SourceForge Headquarters 225 Broadway Suite 1600 San Diego, CA 92101 +1 (858) 422-6466

>  -1 In the regex, there is [a-zA-Z0-9]{$} where $ is 1,2,3 or 4.
>       I think this means repeat $ times an alphanumeric value.
>       (I'm using Regular Expression syntax of Python 1.5, I hope
>       that's the sames rules Doxygen uses).
>
It is the regexp rules of flex you are using. Read the man-page for flex
for the full documentation of the regexp syntax available. Here is a short
snippet

PATTERNS
     The patterns in the input are written using an extended  set
     of regular expressions.  These are:

         x          match the character 'x'
         .          any character (byte) except newline
         [xyz]      a "character class"; in this case, the pattern
                      matches either an 'x', a 'y', or a 'z'
         [abj-oZ]   a "character class" with a range in it; matches
                      an 'a', a 'b', any letter from 'j' through 'o',
                      or a 'Z'
         [^A-Z]     a "negated character class", i.e., any character
                      but those in the class.  In this case, any
                      character EXCEPT an uppercase letter.
         [^A-Z\n]   any character EXCEPT an uppercase letter or
                      a newline
         r*         zero or more r's, where r is any regular expression
         r+         one or more r's
         r?         zero or one r's (that is, "an optional r")
         r{2,5}     anywhere from two to five r's
         r{2,}      two or more r's
         r{4}       exactly 4 r's
         {name}     the expansion of the "name" definition
                    (see above)
         "[xyz]\"foo"
                    the literal string: [xyz]"foo
         \X         if X is an 'a', 'b', 'f', 'n', 'r', 't', or 'v',
                      then the ANSI-C interpretation of \x.
                      Otherwise, a literal 'X' (used to escape
                      operators such as '*')
         \0         a NUL character (ASCII code 0)
         \123       the character with octal value 123
         \x2a       the character with hexadecimal value 2a
         (r)        match an r; parentheses are used to override
                      precedence (see below)

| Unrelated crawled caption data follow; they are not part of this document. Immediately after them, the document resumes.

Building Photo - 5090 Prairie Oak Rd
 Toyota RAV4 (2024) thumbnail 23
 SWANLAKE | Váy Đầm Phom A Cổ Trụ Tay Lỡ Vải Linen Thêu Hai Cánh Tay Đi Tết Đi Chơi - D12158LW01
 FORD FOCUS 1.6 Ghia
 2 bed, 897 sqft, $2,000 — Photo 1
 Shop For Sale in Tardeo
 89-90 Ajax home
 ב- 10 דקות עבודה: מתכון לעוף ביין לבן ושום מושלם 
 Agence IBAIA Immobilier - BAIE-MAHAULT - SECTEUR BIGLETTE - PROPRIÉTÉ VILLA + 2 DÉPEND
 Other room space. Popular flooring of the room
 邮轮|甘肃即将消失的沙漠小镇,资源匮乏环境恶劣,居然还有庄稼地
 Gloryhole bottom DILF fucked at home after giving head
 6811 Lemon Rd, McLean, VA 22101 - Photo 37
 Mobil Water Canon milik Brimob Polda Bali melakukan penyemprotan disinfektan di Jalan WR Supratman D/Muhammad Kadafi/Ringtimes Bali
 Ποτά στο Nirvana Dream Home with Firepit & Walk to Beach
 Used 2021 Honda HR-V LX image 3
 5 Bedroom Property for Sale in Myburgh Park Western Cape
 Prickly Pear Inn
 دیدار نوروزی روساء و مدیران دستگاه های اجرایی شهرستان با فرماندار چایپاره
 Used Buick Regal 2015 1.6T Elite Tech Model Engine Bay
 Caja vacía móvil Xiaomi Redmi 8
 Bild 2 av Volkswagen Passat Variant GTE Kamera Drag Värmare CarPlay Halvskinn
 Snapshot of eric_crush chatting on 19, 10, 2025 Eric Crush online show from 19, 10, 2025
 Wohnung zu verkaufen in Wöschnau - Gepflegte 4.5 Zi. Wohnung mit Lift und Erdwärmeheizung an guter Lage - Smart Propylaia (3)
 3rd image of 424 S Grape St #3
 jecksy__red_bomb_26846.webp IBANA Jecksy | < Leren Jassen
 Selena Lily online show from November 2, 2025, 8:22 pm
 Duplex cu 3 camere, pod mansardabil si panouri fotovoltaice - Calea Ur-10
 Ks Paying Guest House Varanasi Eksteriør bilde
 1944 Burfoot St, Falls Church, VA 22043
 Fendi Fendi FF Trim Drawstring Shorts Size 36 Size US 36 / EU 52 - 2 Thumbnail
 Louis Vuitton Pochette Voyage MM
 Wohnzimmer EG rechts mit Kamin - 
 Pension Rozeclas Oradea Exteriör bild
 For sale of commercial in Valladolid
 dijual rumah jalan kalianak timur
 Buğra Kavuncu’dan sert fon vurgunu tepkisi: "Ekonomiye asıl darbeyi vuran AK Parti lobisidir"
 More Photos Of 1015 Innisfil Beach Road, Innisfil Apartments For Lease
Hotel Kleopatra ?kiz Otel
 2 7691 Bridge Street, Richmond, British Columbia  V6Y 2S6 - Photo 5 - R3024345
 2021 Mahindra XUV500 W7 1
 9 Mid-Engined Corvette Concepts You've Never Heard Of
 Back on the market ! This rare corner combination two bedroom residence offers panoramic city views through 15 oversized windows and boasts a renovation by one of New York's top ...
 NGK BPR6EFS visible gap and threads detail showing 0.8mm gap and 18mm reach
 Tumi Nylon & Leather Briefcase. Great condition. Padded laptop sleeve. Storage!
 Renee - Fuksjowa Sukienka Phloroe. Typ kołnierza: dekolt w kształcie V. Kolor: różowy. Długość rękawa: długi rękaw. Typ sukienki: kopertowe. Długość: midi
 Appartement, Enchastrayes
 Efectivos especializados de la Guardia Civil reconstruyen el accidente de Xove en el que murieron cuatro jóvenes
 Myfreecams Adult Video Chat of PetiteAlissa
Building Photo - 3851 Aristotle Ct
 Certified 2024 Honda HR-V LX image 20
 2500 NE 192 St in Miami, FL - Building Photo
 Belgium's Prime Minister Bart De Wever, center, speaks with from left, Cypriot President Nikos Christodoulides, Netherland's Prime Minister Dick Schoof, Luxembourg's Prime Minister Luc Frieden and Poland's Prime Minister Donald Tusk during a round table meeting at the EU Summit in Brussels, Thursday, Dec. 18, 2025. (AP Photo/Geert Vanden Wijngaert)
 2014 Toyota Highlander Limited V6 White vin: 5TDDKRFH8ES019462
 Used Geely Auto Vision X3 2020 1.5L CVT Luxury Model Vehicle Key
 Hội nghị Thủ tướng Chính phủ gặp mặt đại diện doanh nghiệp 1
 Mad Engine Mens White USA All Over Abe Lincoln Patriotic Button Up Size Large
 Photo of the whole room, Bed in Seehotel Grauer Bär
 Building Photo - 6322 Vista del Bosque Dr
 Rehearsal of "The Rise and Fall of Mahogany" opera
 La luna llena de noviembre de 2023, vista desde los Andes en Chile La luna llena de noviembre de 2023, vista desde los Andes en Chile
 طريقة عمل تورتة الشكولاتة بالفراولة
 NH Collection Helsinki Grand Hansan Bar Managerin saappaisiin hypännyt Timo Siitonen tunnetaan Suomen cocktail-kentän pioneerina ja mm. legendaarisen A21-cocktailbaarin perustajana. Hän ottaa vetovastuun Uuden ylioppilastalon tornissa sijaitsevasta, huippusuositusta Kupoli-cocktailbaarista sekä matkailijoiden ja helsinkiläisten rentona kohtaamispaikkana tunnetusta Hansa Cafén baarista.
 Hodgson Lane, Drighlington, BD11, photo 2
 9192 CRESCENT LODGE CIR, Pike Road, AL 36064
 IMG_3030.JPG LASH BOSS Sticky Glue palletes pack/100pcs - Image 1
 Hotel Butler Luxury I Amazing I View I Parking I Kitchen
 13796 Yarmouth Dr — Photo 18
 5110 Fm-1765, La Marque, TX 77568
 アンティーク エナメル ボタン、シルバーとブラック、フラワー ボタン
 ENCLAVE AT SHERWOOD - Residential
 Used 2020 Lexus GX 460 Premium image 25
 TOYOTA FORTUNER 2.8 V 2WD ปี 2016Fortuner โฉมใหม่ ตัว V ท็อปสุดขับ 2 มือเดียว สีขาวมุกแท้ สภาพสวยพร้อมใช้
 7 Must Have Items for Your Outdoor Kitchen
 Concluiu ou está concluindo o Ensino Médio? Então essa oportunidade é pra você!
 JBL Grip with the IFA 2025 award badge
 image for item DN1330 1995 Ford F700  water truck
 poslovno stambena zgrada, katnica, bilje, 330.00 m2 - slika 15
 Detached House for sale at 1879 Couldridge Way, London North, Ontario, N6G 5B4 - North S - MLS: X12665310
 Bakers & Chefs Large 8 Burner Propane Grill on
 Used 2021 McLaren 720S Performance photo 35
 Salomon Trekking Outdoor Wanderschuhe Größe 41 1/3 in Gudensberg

(this is only a part of the regular expressions available)

But I think that you can use the {$} syntax if I understand the above text
correctly. :)

> By longest matching, you certainly means the more restrictive, the more
> precise. So I think this will work.I will provide changes soon.
> 
Yes. :)

> Sorry for newbie questions. I just wanted to help a little (for my needs
> first), I'm simply maintainer of the French location of Doxygen. :-)
> [...]
> 
Aren't we all newbies? ;)

If you add the '-r' switch to flex when it generates the C-source code it
will insert debug printouts, giving verbose information about what happens
when it parses the text.

Also, the default behaviour of flex is to print everything it can't match
to stdout (this is the default rule which is always active). However, the
flex code in doc.l (and scanner.l) has defined a rule which overrides the
default rule which silently ignores text it can't match. If you modify the
"match-all" rule so it looks like this

<*>.                                    { ECHO; }

you will "restore" the default behaviour (I think).

/John